O julgamento do STF de 2016 abrangeu tanto a desaposentação como a reaposentação
A maioria dos ministros entendeu que o STF já rejeitou a hipótese de reaposentação no primeiro julgamento ocorrido em 2016.
Como é constitucional a regra do art. 18, § 2º, da Lei nº 8.213/91 e como este dispositivo veda expressamente qualquer nova prestação da Previdência Social em decorrência do exercício dessa nova atividade após a aposentadoria, conclui-se que tanto a desaposentação como a reaposentação são proibidos pela legislação atual.
No entanto, para evitar dúvidas, o STF resolveu alterar a tese anterior para deixar isso mais claro:
Tese original
Tese modificada
No âmbito do Regime Geral de Previdência Social - RGPS, somente lei pode criar benefícios e vantagens previdenciárias, não havendo, por ora, previsão legal do direito à “desaposentação”, sendo constitucional a regra do art. 18, § 2º, da Lei 8.213/1991.
STF. Plenário. RE 381367/RS, RE 661256/SC e RE 827833/SC, red. p/ o ac. Min. Dias Toffoli, julgados em 26 e 27/10/2016 (repercussão geral) (Info 845).
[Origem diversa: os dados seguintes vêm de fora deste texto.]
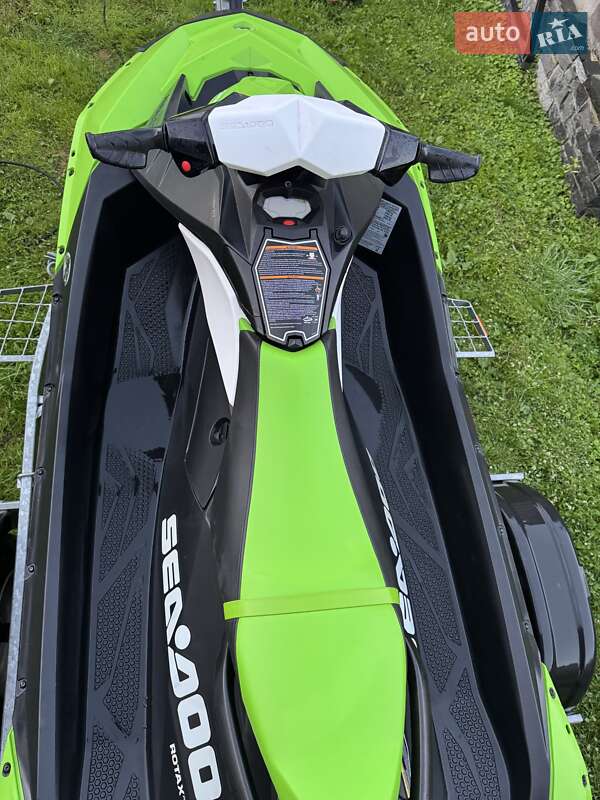 Гидроцикл спортивный BRP Spark 2017 в Житомире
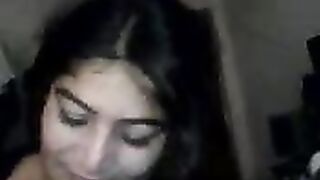 خليجية تمص بدلع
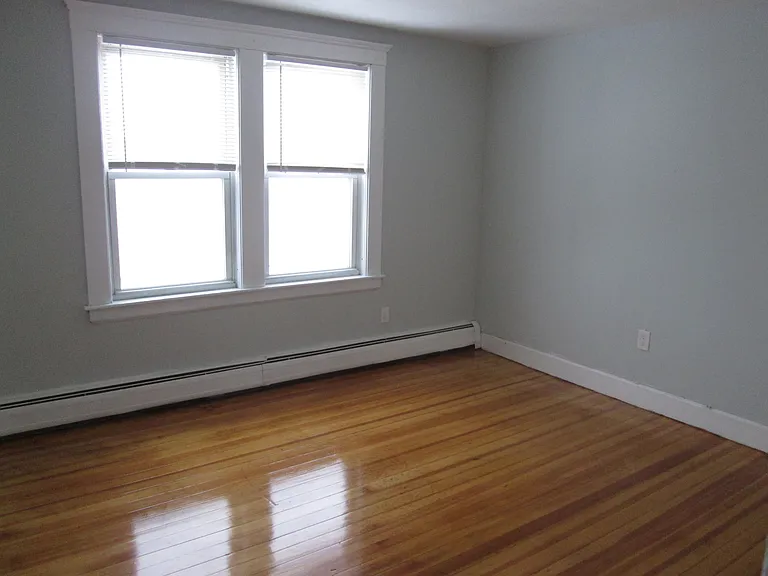 63 Chestnut St #2R — Photo 4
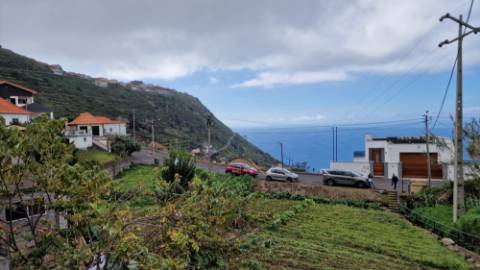 Moradia T2 no Arco da Calheta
No âmbito do Regime Geral de Previdência Social - RGPS, somente lei pode criar benefícios e vantagens previdenciárias, não havendo, por ora, previsão legal do direito à 'desaposentação' ou à ‘reaposentação’, sendo constitucional a regra do art. 18, § 2º, da Lei nº 8.213/1991.
STF. Plenário. RE 381367 ED/RS e RE 827833 ED/SC, rel. orig. Min. Dias Toffoli, red. p/ o ac. Min. Alexandre de Moraes, julgado em 6/2/2020 (repercussão geral) (Info 965).

Modulação dos efeitos
Por outro lado, o Plenário deu parcial provimento aos embargos declaratórios para:
• dizer que são irrepetíveis os valores alimentares recebidos de boa-fé por segurados beneficiados com desaposentação ou reaposentação, até a proclamação do resultado.
• garantir o direito daqueles que usufruem de “desaposentação” ou de “reaposentação” em decorrência de decisão transitada em julgado, até a proclamação do resultado do julgamento dos embargos de declaração (06/02/2020).
Essa modulação foi importante e se fez necessária porque houve casos de segurados que tiveram o direito à “desaposentação” e à “reaposentação” reconhecidos por decisões judiciais transitadas em julgado. Nessas hipóteses, a decisão do STF, mesmo proferida em recurso extraordinário com repercussão geral reconhecida, deve preservar o que foi firmado em caráter definitivo pelo Poder Judiciário, em respeito aos princípios da segurança jurídica e da boa-fé.
STF. Plenário. RE 381367 ED/RS e RE 827833 ED/SC, rel. orig. Min. Dias Toffoli, red. p/ o ac. Min. Alexandre de Moraes, julgado em 6/2/2020 (repercussão geral) (Info 965).